投稿者:つきこ - この投稿者のレビュー一覧を見る
うなぎ。これ以上はないほど身近にして神秘に満ちた魚。
どのくらい神秘かというと、ちょこっとその生態が明らかになっただけで、ネイチャー誌に論文が載る事3度。えっうなぎで?驚きです。
本書はネイチャーハットトリックを成し遂げた東大海洋研究所塚本教授のもと、ニホンウナギの産卵場特定という使命を帯び、荒海へと漕ぎ出した調査船白鳳丸に密着した海洋冒険ドキュメント。胸が躍ります。ナビゲーターは無頼の作家。ただ船に乗りたかったという理由で調査船に乗り込んだ、ウナギにはずぶの素人で呑んべ。べらんめぇ調で知られざるウナギ生態研究の最前線を語り尽くす。真摯に時にはワイルドに、世紀の大発見に挑む研究者の姿に、無頼の作家は惚れ、読者もほだされる。作家は門前の研究者となり、嬉々としてウナギ研究にのめり込む。未知なる物は常に楽しい。その姿に世界で自分が最初に知る、そんな楽しさを思う。
けれど、それがどうした。
多くは語られないけれど、日々彼らが科学とは何か自問自答する姿が見てとれる。彼らは学術的に素晴らしい成果・業績を挙げている。だが産業界の後ろ盾乏しき学問に、文科省を始めとする世間の目は厳しい。
けれど、それこそそれがどうしただ。
立派だけどつまらない事もする、すごい事をやっているけれど報われない事もある。それでも諦めずにウナギを追う姿には”世界で自分が最初に知る真実”を追求する者の真の偉大さが垣間見えて頭が下がる。今やお金さえ出せば宇宙旅行だって手に入る。けれど知力体力そして時の運。三拍子揃ってようやく目にする人類で一番乗りという体験は、金銭には交換不可能な、彼らだけが知る世界だろう。一番乗りなんか意味無いし、と運動会ではビリッケツ体験しかない勉強秀才がうそぶいたとしても、それはやっぱり負け惜しみだろう。
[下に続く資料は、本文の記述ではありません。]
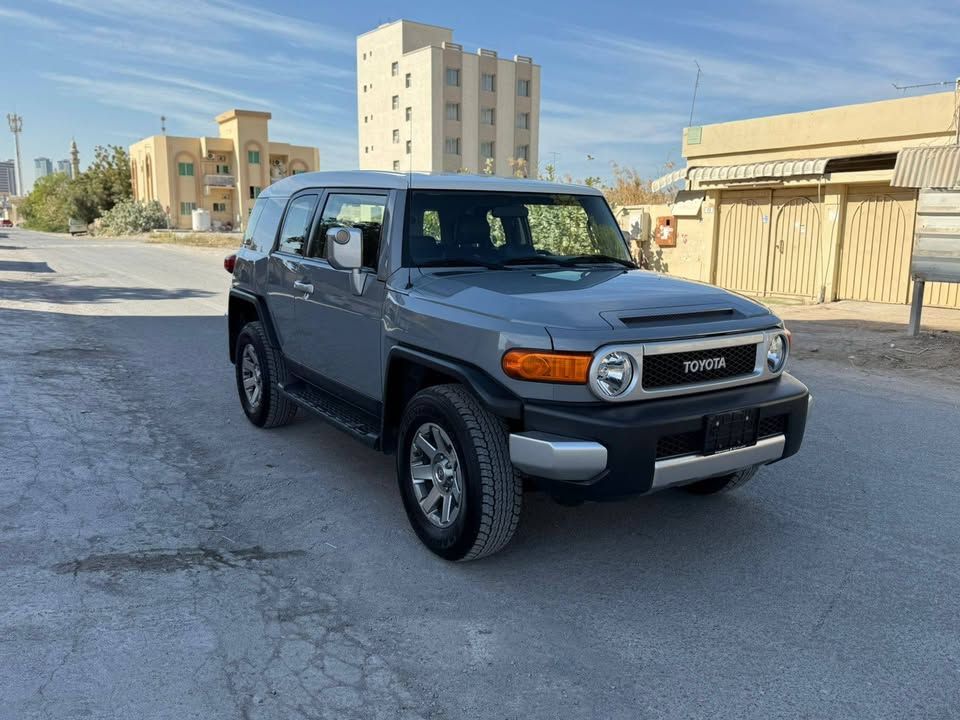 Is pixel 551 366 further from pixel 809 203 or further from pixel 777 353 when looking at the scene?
pixel 809 203

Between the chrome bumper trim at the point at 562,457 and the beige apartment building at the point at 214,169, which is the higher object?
the beige apartment building at the point at 214,169

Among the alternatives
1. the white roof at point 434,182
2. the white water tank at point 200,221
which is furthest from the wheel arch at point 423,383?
the white water tank at point 200,221

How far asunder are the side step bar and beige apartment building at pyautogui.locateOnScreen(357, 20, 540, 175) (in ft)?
200

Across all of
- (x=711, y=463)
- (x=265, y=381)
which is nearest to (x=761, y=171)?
(x=265, y=381)

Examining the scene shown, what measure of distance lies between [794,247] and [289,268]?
13.8 meters

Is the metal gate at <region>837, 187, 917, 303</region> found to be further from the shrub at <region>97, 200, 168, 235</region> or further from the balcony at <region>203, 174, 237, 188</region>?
the balcony at <region>203, 174, 237, 188</region>

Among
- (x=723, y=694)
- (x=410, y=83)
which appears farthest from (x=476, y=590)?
(x=410, y=83)

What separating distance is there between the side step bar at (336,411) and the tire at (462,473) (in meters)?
0.52

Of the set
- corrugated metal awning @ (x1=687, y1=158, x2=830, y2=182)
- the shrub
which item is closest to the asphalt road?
corrugated metal awning @ (x1=687, y1=158, x2=830, y2=182)

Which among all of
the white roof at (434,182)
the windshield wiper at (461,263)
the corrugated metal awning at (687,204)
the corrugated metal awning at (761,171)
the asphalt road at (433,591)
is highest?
the corrugated metal awning at (761,171)

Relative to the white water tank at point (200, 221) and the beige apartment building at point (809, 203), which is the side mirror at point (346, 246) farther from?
the white water tank at point (200, 221)

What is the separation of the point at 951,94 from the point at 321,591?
50.0 feet

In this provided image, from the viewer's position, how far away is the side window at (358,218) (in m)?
4.64

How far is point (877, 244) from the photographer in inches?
602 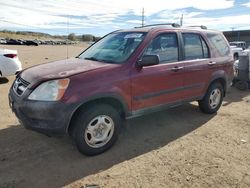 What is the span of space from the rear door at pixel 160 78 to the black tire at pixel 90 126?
453 millimetres

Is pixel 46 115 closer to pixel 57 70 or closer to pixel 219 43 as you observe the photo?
pixel 57 70

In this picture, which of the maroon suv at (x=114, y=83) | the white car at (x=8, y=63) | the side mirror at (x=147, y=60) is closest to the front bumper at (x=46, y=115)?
the maroon suv at (x=114, y=83)

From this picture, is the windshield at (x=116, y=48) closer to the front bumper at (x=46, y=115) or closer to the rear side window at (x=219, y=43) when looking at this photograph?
the front bumper at (x=46, y=115)

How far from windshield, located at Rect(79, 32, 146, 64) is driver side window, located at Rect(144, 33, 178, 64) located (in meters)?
0.23

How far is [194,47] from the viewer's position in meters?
5.48

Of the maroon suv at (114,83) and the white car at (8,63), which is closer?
the maroon suv at (114,83)

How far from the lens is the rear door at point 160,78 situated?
4.44m

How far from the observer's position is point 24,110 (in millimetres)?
3771

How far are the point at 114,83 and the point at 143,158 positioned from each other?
1.19 metres

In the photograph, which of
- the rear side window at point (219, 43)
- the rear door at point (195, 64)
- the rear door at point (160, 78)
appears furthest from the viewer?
the rear side window at point (219, 43)

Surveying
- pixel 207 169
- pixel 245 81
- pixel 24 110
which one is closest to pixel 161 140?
pixel 207 169

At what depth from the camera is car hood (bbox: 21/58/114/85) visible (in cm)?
381

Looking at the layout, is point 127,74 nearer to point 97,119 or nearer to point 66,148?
point 97,119

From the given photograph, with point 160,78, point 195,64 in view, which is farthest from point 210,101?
point 160,78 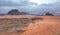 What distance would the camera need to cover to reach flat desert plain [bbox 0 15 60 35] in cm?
249

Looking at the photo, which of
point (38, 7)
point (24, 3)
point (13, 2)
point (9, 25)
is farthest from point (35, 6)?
point (9, 25)

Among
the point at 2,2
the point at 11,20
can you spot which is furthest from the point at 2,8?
the point at 11,20

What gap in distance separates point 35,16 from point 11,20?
508mm

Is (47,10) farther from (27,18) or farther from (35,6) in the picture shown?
(27,18)

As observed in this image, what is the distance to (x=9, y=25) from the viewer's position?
8.54 feet

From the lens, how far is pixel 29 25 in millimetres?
2598

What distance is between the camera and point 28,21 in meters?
2.67

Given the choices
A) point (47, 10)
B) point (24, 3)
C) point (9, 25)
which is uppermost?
point (24, 3)

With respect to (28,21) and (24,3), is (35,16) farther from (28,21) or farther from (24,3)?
(24,3)

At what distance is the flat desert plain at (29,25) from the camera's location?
2.49 metres

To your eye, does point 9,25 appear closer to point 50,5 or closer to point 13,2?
point 13,2

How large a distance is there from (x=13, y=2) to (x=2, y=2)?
9.1 inches

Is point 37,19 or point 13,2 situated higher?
point 13,2

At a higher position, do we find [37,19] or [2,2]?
[2,2] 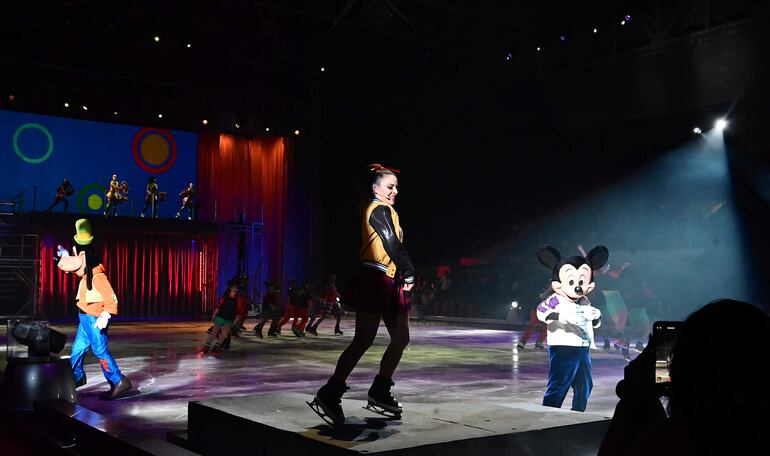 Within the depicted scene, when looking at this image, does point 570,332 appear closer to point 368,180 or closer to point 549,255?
point 549,255

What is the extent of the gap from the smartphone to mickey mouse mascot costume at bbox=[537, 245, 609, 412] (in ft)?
11.7

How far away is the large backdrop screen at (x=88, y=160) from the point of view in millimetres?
21609

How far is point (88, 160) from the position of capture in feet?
74.7

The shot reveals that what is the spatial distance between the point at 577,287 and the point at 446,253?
2026 cm

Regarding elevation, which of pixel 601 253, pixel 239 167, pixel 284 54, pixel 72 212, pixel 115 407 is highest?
pixel 284 54

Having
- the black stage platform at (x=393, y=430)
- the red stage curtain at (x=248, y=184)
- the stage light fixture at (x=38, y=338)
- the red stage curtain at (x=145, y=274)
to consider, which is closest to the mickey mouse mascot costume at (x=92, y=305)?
the stage light fixture at (x=38, y=338)

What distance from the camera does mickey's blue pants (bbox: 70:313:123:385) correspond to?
24.3 feet

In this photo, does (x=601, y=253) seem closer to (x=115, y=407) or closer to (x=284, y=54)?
(x=115, y=407)

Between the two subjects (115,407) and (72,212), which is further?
(72,212)

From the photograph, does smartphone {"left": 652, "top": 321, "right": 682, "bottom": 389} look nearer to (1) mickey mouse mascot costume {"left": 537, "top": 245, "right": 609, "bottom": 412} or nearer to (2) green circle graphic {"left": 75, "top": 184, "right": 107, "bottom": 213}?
(1) mickey mouse mascot costume {"left": 537, "top": 245, "right": 609, "bottom": 412}

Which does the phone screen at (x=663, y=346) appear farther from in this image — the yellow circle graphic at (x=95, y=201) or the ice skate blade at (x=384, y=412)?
the yellow circle graphic at (x=95, y=201)

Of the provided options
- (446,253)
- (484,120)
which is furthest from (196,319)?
(484,120)

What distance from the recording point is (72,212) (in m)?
22.0

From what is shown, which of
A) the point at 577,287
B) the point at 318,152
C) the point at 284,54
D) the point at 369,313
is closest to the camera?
the point at 369,313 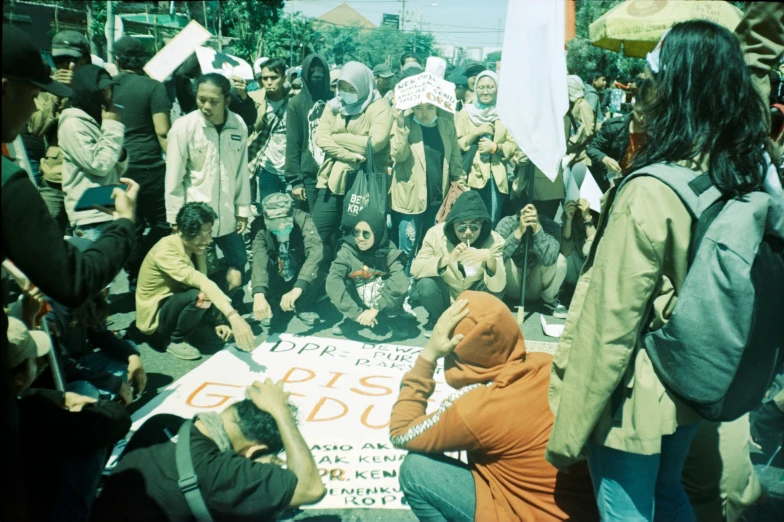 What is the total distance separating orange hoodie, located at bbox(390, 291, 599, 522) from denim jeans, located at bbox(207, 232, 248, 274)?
2.66 m

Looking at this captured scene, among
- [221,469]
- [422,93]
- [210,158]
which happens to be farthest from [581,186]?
[221,469]

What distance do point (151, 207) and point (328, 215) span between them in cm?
134

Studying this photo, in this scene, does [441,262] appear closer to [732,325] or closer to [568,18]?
[568,18]

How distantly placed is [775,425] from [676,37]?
2.14 metres

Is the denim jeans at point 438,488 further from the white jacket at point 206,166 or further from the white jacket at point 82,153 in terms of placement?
the white jacket at point 206,166

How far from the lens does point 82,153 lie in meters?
3.05

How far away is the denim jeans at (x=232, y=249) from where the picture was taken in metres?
4.31

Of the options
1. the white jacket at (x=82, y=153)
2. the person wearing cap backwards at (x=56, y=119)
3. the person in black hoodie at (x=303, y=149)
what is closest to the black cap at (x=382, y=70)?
the person in black hoodie at (x=303, y=149)

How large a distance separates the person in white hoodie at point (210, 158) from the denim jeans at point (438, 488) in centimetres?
253

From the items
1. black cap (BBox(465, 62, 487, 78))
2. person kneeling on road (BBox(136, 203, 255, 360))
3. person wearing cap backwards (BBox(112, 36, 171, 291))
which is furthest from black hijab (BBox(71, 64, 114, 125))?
black cap (BBox(465, 62, 487, 78))

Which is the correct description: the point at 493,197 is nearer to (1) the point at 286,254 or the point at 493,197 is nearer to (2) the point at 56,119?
(1) the point at 286,254

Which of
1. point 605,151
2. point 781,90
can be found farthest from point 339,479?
point 781,90

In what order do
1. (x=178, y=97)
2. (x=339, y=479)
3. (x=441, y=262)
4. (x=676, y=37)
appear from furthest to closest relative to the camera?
(x=178, y=97)
(x=441, y=262)
(x=339, y=479)
(x=676, y=37)

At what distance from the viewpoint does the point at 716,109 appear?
1542mm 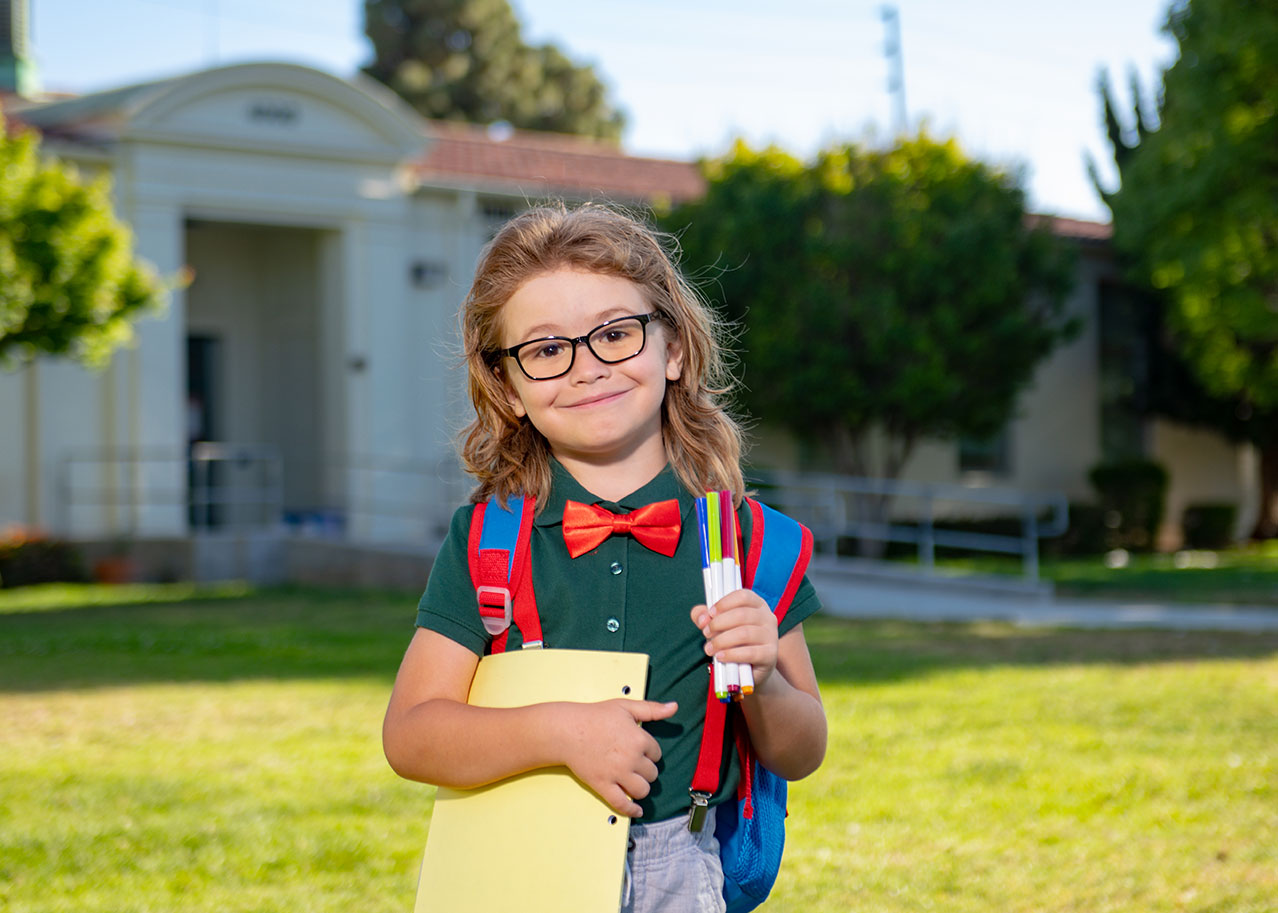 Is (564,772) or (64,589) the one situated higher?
(564,772)

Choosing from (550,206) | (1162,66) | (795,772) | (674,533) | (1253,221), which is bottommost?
(795,772)

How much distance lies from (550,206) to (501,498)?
2.05 feet

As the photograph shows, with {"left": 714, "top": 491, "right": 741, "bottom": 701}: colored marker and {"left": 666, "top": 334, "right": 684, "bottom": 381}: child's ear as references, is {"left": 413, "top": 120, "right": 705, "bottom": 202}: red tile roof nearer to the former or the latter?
{"left": 666, "top": 334, "right": 684, "bottom": 381}: child's ear

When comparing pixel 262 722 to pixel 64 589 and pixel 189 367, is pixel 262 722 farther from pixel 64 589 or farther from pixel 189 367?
pixel 189 367

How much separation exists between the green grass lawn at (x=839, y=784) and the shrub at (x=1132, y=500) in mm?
11545

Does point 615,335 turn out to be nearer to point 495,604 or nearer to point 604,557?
point 604,557

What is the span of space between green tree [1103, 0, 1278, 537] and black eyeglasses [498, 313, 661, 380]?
13.0m

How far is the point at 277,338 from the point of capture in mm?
19000

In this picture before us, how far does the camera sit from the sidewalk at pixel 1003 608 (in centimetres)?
1136

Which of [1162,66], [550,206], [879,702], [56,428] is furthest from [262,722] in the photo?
[1162,66]

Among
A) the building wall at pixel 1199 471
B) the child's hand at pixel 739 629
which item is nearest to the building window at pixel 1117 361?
the building wall at pixel 1199 471

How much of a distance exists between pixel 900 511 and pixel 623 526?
18.1 m

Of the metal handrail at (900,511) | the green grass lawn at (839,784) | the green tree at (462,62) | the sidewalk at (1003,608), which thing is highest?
the green tree at (462,62)

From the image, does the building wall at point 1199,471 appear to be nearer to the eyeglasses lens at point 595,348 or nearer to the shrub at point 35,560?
the shrub at point 35,560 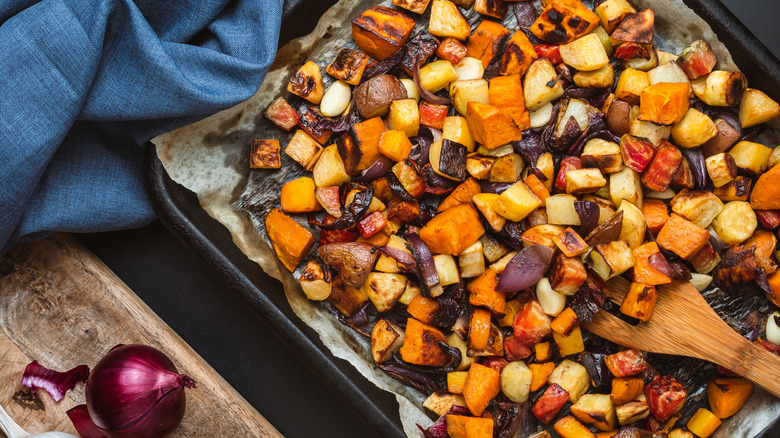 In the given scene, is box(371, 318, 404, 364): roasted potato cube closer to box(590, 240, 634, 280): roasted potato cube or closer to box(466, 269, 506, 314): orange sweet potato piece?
box(466, 269, 506, 314): orange sweet potato piece

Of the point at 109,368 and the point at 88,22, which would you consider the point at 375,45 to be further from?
the point at 109,368

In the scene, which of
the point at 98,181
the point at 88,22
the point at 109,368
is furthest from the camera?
the point at 98,181

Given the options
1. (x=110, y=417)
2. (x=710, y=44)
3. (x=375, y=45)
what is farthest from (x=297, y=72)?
(x=710, y=44)

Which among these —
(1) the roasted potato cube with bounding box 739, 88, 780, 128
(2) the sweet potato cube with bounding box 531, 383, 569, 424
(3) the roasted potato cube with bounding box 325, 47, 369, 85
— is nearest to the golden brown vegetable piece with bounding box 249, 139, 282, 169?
(3) the roasted potato cube with bounding box 325, 47, 369, 85

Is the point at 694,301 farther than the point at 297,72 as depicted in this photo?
No

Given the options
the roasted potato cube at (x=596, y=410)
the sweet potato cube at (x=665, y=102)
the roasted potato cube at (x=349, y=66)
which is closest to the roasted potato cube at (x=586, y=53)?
the sweet potato cube at (x=665, y=102)
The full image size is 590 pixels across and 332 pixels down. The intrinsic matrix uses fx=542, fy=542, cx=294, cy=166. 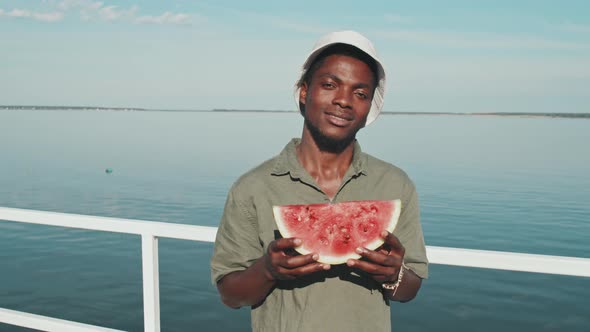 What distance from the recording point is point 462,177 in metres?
29.9

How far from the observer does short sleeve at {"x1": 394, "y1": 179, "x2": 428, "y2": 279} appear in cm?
227

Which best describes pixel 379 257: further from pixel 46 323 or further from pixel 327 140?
pixel 46 323

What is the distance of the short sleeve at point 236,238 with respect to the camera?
221cm

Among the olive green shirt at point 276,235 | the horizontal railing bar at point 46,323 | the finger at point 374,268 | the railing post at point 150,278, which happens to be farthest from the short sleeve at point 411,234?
the horizontal railing bar at point 46,323

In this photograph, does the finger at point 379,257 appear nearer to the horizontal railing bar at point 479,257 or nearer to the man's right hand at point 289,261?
the man's right hand at point 289,261

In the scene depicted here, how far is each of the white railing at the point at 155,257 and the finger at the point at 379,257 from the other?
1.17 metres

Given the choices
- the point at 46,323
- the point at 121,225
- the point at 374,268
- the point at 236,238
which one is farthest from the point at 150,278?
the point at 374,268

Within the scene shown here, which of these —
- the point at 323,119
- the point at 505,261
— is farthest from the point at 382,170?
the point at 505,261

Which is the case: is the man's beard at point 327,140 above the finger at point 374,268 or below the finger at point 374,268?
Answer: above

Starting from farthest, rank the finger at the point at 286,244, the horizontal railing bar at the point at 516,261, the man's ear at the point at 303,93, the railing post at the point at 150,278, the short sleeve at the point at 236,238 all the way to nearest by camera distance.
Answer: the railing post at the point at 150,278, the horizontal railing bar at the point at 516,261, the man's ear at the point at 303,93, the short sleeve at the point at 236,238, the finger at the point at 286,244

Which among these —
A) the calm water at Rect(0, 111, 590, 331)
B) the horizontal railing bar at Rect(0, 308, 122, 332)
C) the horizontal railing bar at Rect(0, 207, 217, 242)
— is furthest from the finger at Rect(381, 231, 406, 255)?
the calm water at Rect(0, 111, 590, 331)

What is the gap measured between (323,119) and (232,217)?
0.55 meters

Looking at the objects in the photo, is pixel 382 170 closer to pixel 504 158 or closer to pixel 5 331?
pixel 5 331

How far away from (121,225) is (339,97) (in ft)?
6.86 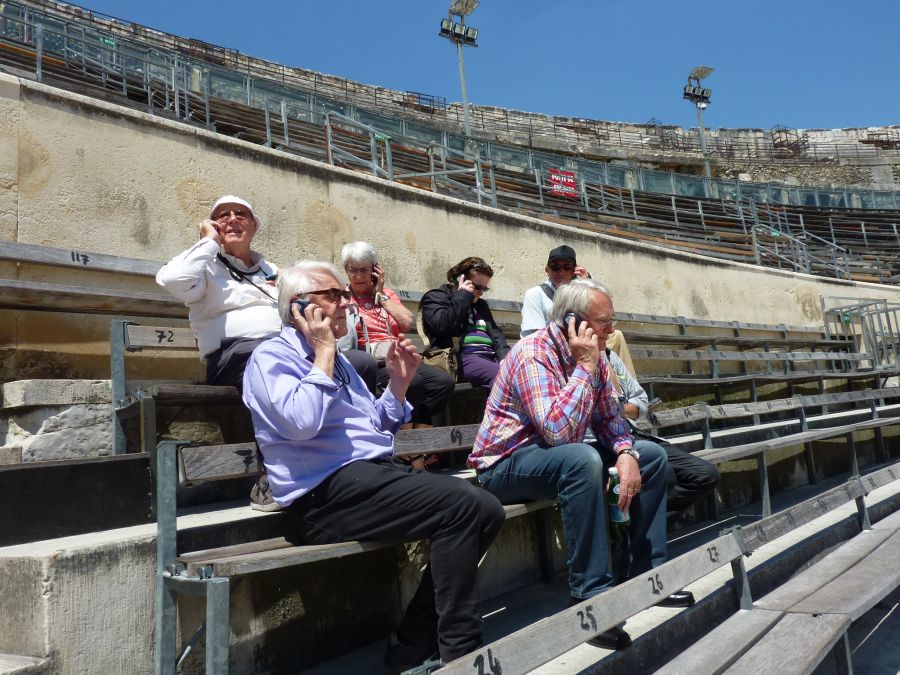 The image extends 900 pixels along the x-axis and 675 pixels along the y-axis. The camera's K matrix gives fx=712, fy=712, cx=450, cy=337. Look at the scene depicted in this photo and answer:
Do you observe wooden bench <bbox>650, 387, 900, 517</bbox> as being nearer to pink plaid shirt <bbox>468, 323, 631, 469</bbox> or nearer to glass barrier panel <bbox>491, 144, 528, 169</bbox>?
pink plaid shirt <bbox>468, 323, 631, 469</bbox>

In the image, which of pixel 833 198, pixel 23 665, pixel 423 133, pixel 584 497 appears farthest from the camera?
pixel 833 198

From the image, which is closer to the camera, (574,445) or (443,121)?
(574,445)

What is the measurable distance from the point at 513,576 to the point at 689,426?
327 centimetres

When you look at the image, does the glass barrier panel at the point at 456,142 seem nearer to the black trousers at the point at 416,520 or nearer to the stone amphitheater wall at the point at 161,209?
the stone amphitheater wall at the point at 161,209

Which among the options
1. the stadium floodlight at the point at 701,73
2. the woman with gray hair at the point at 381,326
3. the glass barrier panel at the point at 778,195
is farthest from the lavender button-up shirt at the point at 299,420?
the stadium floodlight at the point at 701,73

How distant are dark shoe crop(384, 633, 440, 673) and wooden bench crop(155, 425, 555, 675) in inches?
14.2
かつて無心にバッタを追った少年は長じて生物学者となり、一年の半分以上を船で過ごす。ロマンだ。けれどDNA大流行、鯖に鮪を生ませようとする試みが進む今、彼らの研究スタイルを泥臭いと思う向きもあるだろう。嬉しい楽しいだけで終わらないうなぎ丸の冒険譚は、現実に根差しつつ夢を追う事の難しさを織り込んでいて貴重だ。でもやっぱり夢を追う事は楽しい。けれど僕は私は夢を追って旅に出る、そんな若者が続いてくれればいいなと、夢を見る頃を過ぎた人は思うのです。彼らの姿に惚れ込んだ、無頼の作家が注ぐ憧憬の眼差しが切なくも心地いい。
白いご飯の上でホカホカと香気を放つ蒲焼の一切れ。その来し方行く末に畏敬の念が沸き起こる事必至。うなぎ丸に幸いあれ。何といっても鰻は天然ものに限るのだから。